V.D. is a teeny tiny shop about the size of some rich people’s bathrooms. And at almost all times there is a line stretching out the front door and around the building. I have had to wait up to 45 minutes for one of their doughnuts, but the wait for one of their zany creations is well worth it.
Are they the best doughnuts? I’d have to say no, as they lean toward the sweet side. But the flavors are unique and the experience of standing in line listening to death metal piped through the speakers in the shop, to get a hot, sugary doughnut makes them taste going to V.D. worth it. Everyone in line has this sense of giddiness and you can feel the pre-doughnut buzz in the air.
Once inside the shop you will notice the ATM machine covered in graffiti. V.D. only takes cash… Hmm smart business men, hide as much as you can from good ol Uncle Sam! And as I said before your ears are treated to the soothing sounds of… DEATH METAL. V.D. wants to make it clear that they are metal and they truly are.
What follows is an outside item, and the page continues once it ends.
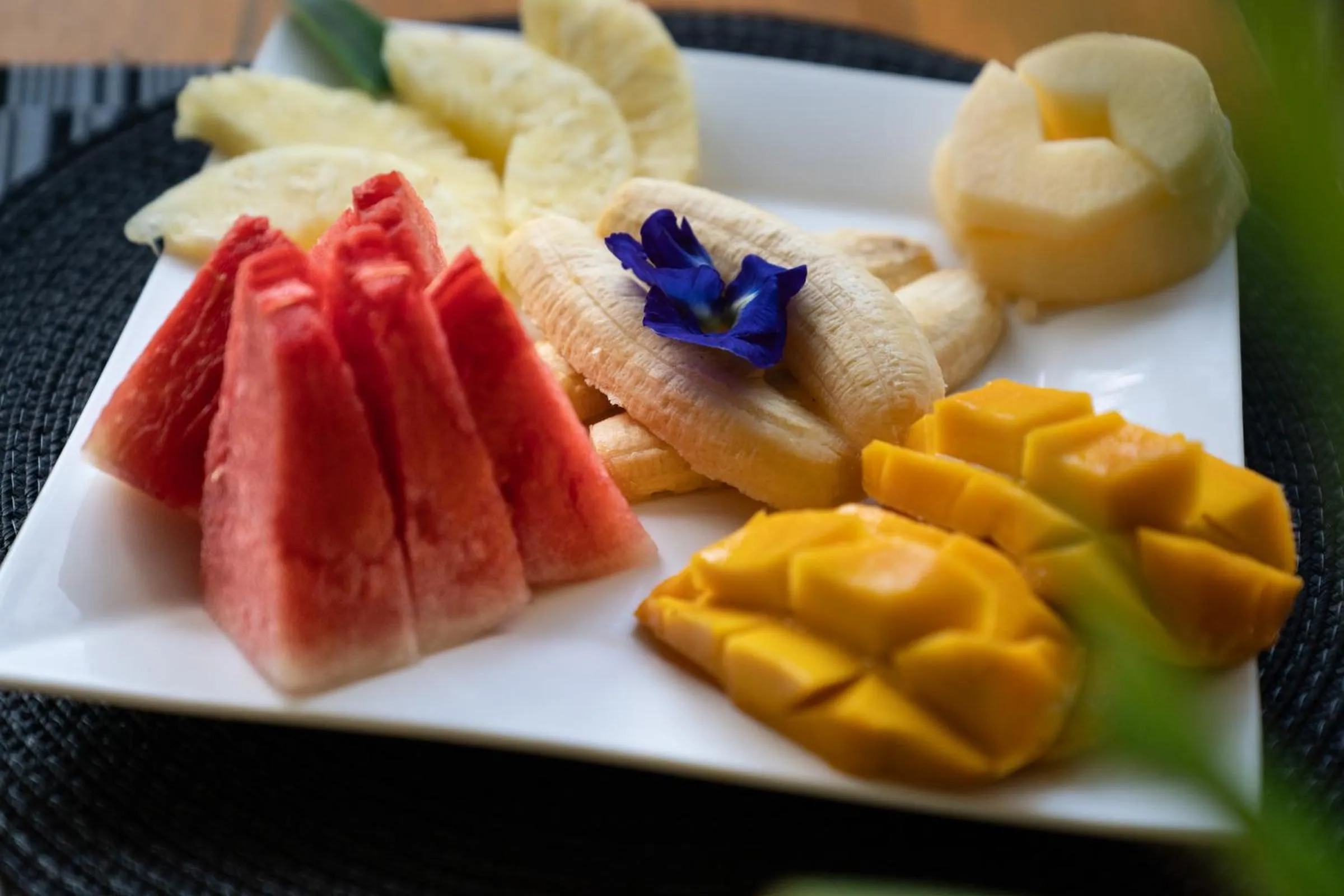 Breakfast in Bamboo Surf Beach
Upon looking at the menu board one can find flavors of doughnuts such as The Loop- a fruitloop covered doughnut, Diablos Rex-a chocolate doughnut decorated with a delightful little pentagram, The Maple Blazer Blunt-shaped to look like, well, you know a blunt, The Voodoo Doll-my personal favorite, covered in chocolate and filled with raspberry jelly, The Maple Bacon Cream-topped with maple glaze and actual bacon and of course The Cock and Balls-a male member shaped doughnut filled with luscious cream. They have a host of other crazy creations that you can view by going to http://www.voodoodoughnut.com/menu.php
When you finally get your doughnut it is best to run back to your car and eat them as eating them on the street makes you look like a glutton especially in front of the homeless people that tend to linger outside the shop. I always feel a little indulgent eating gobs of dough and sugar in front of people who don’t have a home. SO its best to avoid the guilt and eat them in your car, not in front of the shop. I say eat them in your car because there’s no way you’re going to make it home with the sweet sugary smell wafting through your vehicle while driving. And the sheer pleasure eating the doughnuts is enough to make you swerve into oncoming traffic. You need to eat them before driving, trust me.
Just a note about how many to eat. I’d say don’t do more than two and even that can create a sugar high, crash and belly ache that will make you possibly never want to come back to V.D. And that of course would be tragic because you need to come back to try all of their wonderful flavors!
|My sister eating a voodoo doll.
|Our family friend, Joyce, with her Old Dirty Bastard, another of my favorites!